Finally, the defuzzification process converts the fuzzy results back into crisp values, which are the consequences. Then, the output is the weighted average of results from all activated rules, which is represented as:

$$y = \frac{\sum_{i=1}^{n} \mu_{R_i}(x_1, \dots, x_n) \cdot y_i}{\sum_{i=1}^{n} \mu_{R_i}(x_1, \dots, x_n)}$$
(2)

where  $y_i$  are the crisp values of the rules.

As illustrated in Fig. 2, the bidirectional transformation process of fuzzy logic enables decision-making in the interpretable natural language form, while black-box methods operate exclusively with crisp values and lack transparency.

#### 2.2 Fuzzy Neural Networks

Despite the benefits brought by fuzzy logic, this method is not widely adopted for DSE due to the difficulty in building the fuzzy rule base. Therefore, it is important to automate the rule-making process. Fortunately, fuzzy logic shares very similar computation patterns with neural networks and thus can be formulated into



Figure 3: Structure of Fuzzy Neural Networks

FNNs. Fig. 3 shows the structure of FNNs, which implement the fuzzy logic process through five distinct layers:

- Fuzzification Layer takes design metrics and the current parameters as inputs and calculates the MFs.
- Ruling Layer calculates the product of all the μ of the fuzzy values contained by each antecedent and outputs the firing strength of the rules.
- Normalization Layer normalizes the rule's firing strength to ensure they are of a reasonable scale.
- **Defuzzification Layer** defuzzifies the fuzzy values into crisp values. To simplify the computation, we adopt the Takagi-Sugeno (TS) [16] type fuzzy rules, where the consequent fuzzy value is directly represented by a crisp value. For instance, 'increase' can be represented by C > 0.
- **Output Layer** returns the sum of the consequences weighted by firing strengths of the rules.

The weights of the FNNs have two parts, one of them being the consequent crisp values. The other part of them is the hyperparameters of the MFs, e.g., the center of Sigmoid and Bell. These hyperparameters represent the range of each fuzzy value. For instance, if 'CPI high' uses the Sigmoid function as its MF and the center of the Sigmoid function is 5, this implies that a CPI value above 5 is considered 'high'. On the other hand, if the 'CPI avg' uses the Bell function as its MF and the center of the Bell function is 3, this suggests that a CPI value around 3 is considered 'average'.

As the entire FNN is differentiable, its weights can be updated by gradient descent, leading to the desired automatic rule-making.

### 2.3 Adaptation for Micro-Architecture DSE

In order to make FNN applicable to DSE, we made a series of adjustments. The input design metrics are categorized as 'low', 'avg', and 'high' with corresponding MFs: Inverse Sigmoid, Bell, and Sigmoid. The input design parameters are only categorized as 'low' and 'enough', with Inverse Sigmoid and Sigmoid MFs, respectively. The centers of these MFs can be defined by equally dividing the

metric scale or using custom settings for faster convergence.
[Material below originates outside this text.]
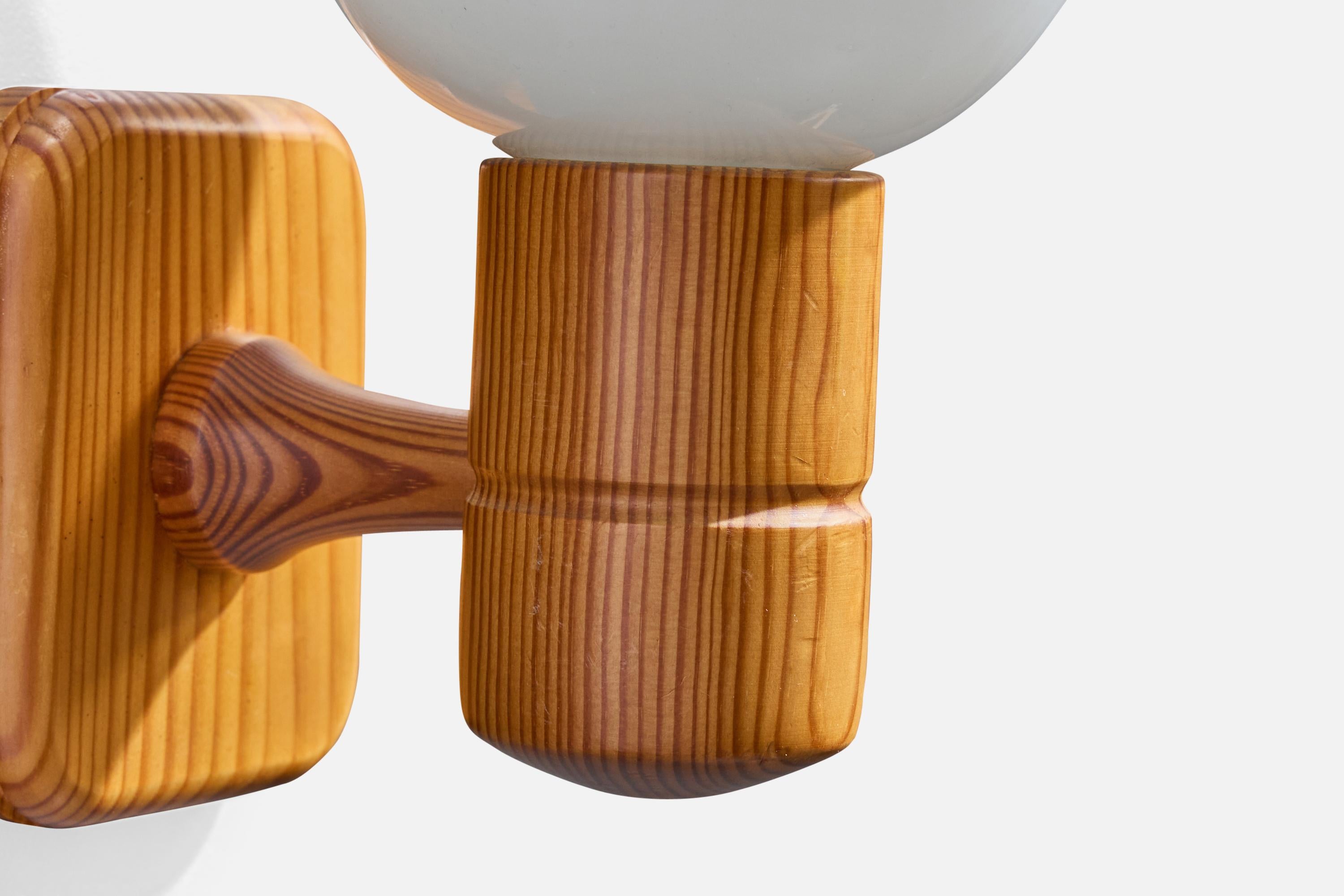 Schwedischer Designer, Wall Lights, Kiefer, Glas, Schweden, 1970er im Angebot 2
However, drastic changes in the centers can activate different rules, rendering previous training ineffective. To avoid this, we disallow backpropagation for the centers of design metrics, which are prone to substantial changes during gradient descent. However, the centers of the input design parameters are automatically updated to encourage better coverage as the mathematical properties of FNNs moderate their variations.

The antecedent of each rule contains all the inputs of the FNN, and all combinations of antecedents will have a corresponding rule. Therefore, the number of rules is as large as  $3^{\#metrics} * 2^{\#params}$ . To enhance efficiency and facilitate inspection, we can merge related design parameters, e.g., merge cache set and way as cache size.
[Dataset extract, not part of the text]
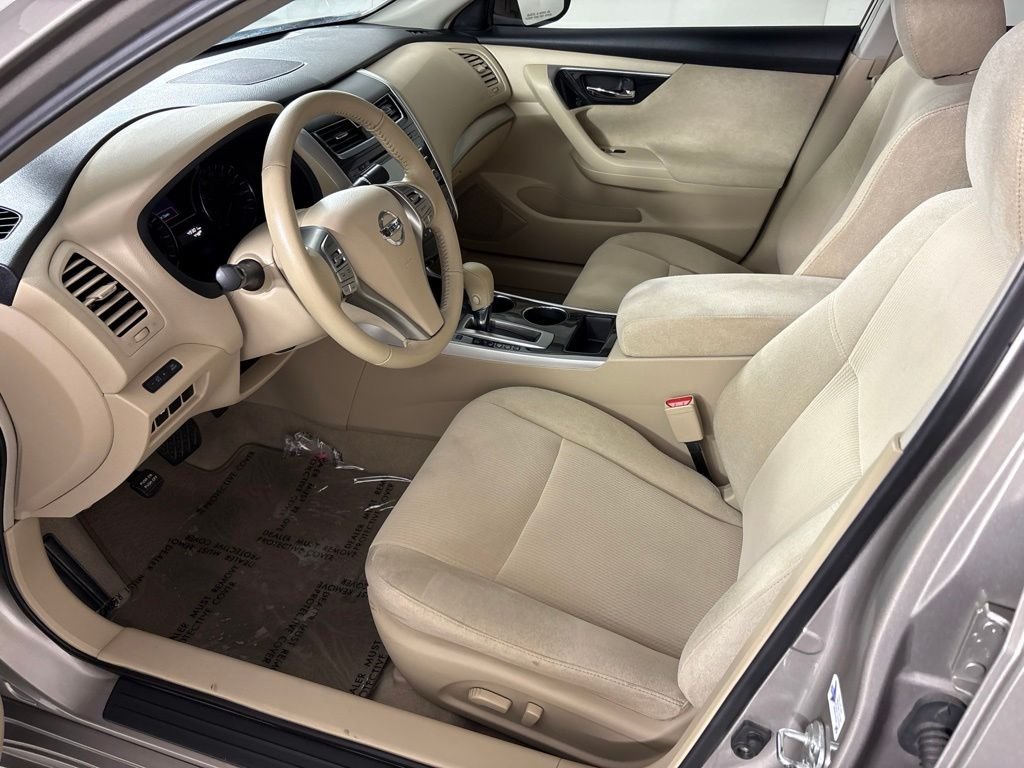 Used 2013 Beige Nissan 2.5 SV image 23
The outputs of the FNN are the scores for all design parameters. In our DSE setting, the initial design is the smallest  $\mu$ -arch in the design space, and at each step the parameter with the highest score from the FNN is increased by 1. Thus, the 'THEN' part of the rule is translated as 'The parameter with the highest score should increase'.

Based on the interpretability of our proposed FNN, the designers can easily inspect the training results and take control of the training. Firstly, when the training doesn't converge well, users can check on the rules and find the abnormal patterns, based on which the training setting can be easily adjusted. For example, if the centers of the MFs are updated beyond the limits of the design space, we can infer that the learning rate needs to be reduced. Furthermore, if a rule indicates that a design parameter should increase even when it's already at a high value, we can adjust the design space to concentrate on the higher range of this parameter.

Secondly, to accelerate the training, the centers of design parameters can be wisely initialized based on the obvious features of target applications. For example, if the application has a large data size, the center of the cache size can be given a higher value.

In addition, the FNN allows us to incorporate our preferences directly into the rule base. For example, if we wish to favor designs with a decode width of 4, we can define 3 as 'low' and 4 as 'enough' in the antecedent part of the rule. We then adjust the corresponding consequence to increase the decode width when it falls short. These features enhance the flexibility and usability of the FNN, setting it apart from black-box methodologies. Empirical evidence supporting these benefits will be presented in Section 4.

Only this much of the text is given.